## WHAT YOU HAVE TO DO
From the entries, return every line where the string "Hoop" shows up.

## DATA
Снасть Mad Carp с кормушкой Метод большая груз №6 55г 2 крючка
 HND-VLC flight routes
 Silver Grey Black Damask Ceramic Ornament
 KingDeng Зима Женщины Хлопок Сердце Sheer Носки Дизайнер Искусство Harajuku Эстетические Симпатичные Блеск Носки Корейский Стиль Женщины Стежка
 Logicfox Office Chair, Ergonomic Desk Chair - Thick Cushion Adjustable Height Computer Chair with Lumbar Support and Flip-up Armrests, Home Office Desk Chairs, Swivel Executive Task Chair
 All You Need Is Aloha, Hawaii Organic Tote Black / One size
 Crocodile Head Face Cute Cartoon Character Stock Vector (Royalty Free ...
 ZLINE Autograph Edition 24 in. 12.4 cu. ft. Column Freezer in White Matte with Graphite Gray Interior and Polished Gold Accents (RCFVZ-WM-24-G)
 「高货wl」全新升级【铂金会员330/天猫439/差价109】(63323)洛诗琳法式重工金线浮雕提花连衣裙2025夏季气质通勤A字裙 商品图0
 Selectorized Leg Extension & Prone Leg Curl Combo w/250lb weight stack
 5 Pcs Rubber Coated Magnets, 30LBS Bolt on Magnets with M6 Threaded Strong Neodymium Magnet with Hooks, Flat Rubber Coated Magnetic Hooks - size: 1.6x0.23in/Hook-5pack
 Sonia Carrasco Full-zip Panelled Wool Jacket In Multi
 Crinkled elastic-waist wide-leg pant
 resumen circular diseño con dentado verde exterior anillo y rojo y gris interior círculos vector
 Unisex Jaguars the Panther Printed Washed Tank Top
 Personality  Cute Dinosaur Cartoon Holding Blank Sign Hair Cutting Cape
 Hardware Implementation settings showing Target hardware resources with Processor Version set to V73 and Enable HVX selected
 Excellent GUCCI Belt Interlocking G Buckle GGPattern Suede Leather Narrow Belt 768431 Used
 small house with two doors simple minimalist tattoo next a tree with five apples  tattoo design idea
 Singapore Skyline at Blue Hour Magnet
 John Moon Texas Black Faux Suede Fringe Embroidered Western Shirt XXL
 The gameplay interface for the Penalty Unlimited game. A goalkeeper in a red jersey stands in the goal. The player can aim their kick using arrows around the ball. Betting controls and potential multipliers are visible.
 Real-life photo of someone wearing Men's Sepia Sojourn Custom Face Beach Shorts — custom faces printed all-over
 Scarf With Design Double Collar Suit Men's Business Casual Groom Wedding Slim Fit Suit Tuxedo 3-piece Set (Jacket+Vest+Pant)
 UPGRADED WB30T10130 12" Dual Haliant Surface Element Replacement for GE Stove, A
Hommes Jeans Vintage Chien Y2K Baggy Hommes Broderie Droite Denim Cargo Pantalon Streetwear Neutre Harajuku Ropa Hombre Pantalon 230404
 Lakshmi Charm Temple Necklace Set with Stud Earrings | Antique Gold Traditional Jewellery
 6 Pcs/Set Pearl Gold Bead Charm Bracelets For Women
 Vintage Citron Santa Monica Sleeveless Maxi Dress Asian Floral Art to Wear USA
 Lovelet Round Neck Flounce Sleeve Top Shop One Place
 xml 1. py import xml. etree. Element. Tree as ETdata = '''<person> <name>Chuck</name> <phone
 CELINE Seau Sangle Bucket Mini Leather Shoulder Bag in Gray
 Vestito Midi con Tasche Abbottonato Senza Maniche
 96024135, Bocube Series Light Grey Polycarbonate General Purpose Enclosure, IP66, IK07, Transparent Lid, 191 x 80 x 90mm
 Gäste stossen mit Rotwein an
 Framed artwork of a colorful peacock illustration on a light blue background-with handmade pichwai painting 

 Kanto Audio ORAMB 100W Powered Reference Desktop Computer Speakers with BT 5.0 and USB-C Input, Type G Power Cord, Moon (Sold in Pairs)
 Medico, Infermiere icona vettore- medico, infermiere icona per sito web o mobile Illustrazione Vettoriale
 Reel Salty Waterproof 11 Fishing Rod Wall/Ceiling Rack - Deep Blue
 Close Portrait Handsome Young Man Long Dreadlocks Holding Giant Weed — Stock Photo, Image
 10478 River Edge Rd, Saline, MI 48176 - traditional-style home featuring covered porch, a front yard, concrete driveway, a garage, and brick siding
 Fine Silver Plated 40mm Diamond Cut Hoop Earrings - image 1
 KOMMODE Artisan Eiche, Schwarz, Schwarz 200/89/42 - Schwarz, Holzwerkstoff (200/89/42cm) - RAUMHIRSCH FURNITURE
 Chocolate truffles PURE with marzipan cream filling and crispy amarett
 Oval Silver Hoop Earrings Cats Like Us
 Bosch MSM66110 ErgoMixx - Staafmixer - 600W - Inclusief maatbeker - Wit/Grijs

## RESPONSE TO THIS TASK
 Fine Silver Plated 40mm Diamond Cut Hoop Earrings - image 1
 Oval Silver Hoop Earrings Cats Like Us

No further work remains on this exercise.